The work which first started with headaches has expanded to many other diseases, such as hyper-activity, Reynaud’s disease, high blood pressure, epilepsy and others. But most important is improvement of the autonomic nervous system.

We can now regulate and decrease sympathetic tone. This seems to be the cause of a lot of symptoms. So by teaching a person to specifically decrease sympathetic tone, they are able to decrease symptoms of distress signs they have.

Now, I think I’ve covered most of the work about biofeedback and self-regulation. We’re interested in the person gaining or regaining control of his own body, his own emotions and then to follow through and continue that improvement. So I say to all of you, if you are not involved with some kind of relaxation technique or meditation or biofeedback that you seriously consider it and I think it will be, hopefully, a general health policy for people instead of aspirins and tranquilizers.

About 5 years ago, Dr. Holmes and Dr. Raff out in California, wanted to make a judgment of how stress effected a person’s health. They studied people’s lives for a period of two years by having them keep a record of events in their lives and these were given a numerical scale. If the total was about 100 or 150, only about 30% developed a major change in their health. Approximately 50% of the people developed some disease or disorder if the range was about 200. If people had over 300 points, they found about 85% developed a serious health problem.
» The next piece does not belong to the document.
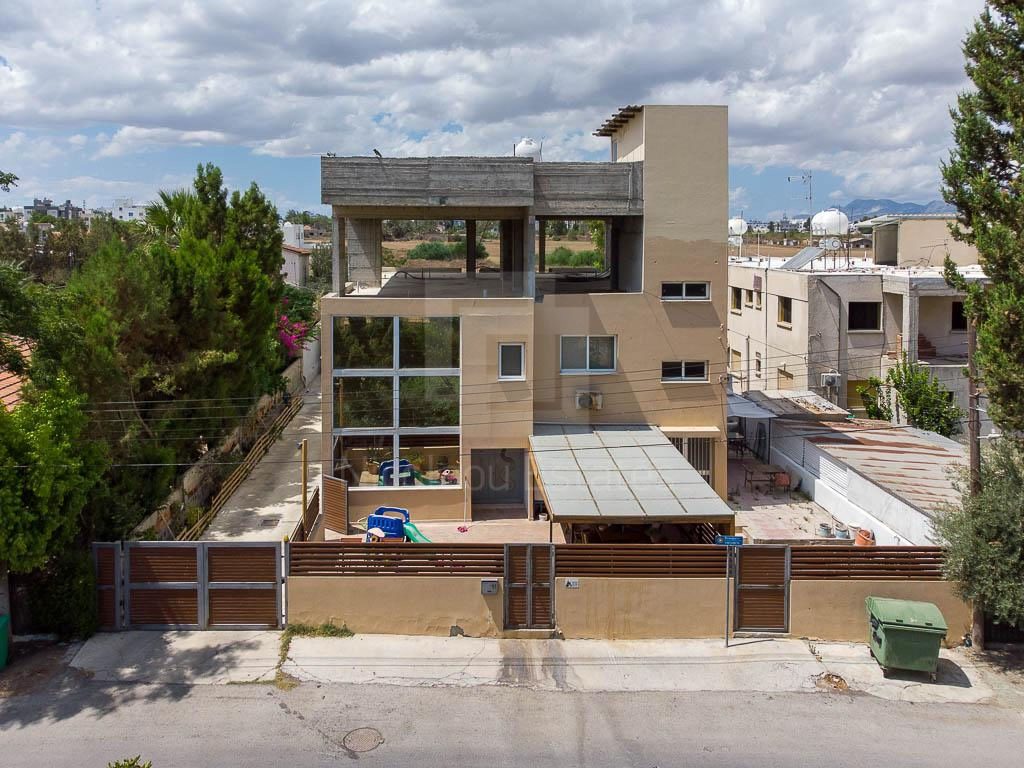 615m² Building for Sale in Nicosia – Kaimakli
Now, Holmes and Raff are very clear about a point I made and I want to make it again. It is not the amount of stress but whether or not you are dealing with it. If you are not handling stress, it’s probably going to handle you.

WASTE IN THE COLON

American physicians have contended for decades that it does not matter whether a person has one or two bowel movements a day or only two or three a week. That view has been challenged by British and South African medical scientists who suggest that regularity may be a matter of life and death. Too few bowel movements and too little bulk in the stools may explain the occurrence of such varied disorders as heart and gall-bladder disease, diverticulosis, varicose veins, hiatal hernia and cancer of the large intestine.

The scientists conducted elaborate experiments in which volunteers in England, India and Africa had their bowel movements clocked and their feces weighed. Among the results of the study: peoples living under primitive conditions, on diets high in indigestible fibers, passed from 2 1/2 to 4 1/2 times as much feces as sailors in the Royal Navy, and were relatively free of many of the diseases studied.

The ways in which low-weight, sluggish bowel movements might contribute to so many diverse diseases are complex and indirect. Diverticulosis – in which the large bowel is deeply pitted and fecal material is trapped in the crevices – appears to be directly related to a diet rich in such highly refined carbohydrates as white flour and sugar. Tumors, both benign and malignant, are related to biochemical and bacterial changes caused by long retention of feces.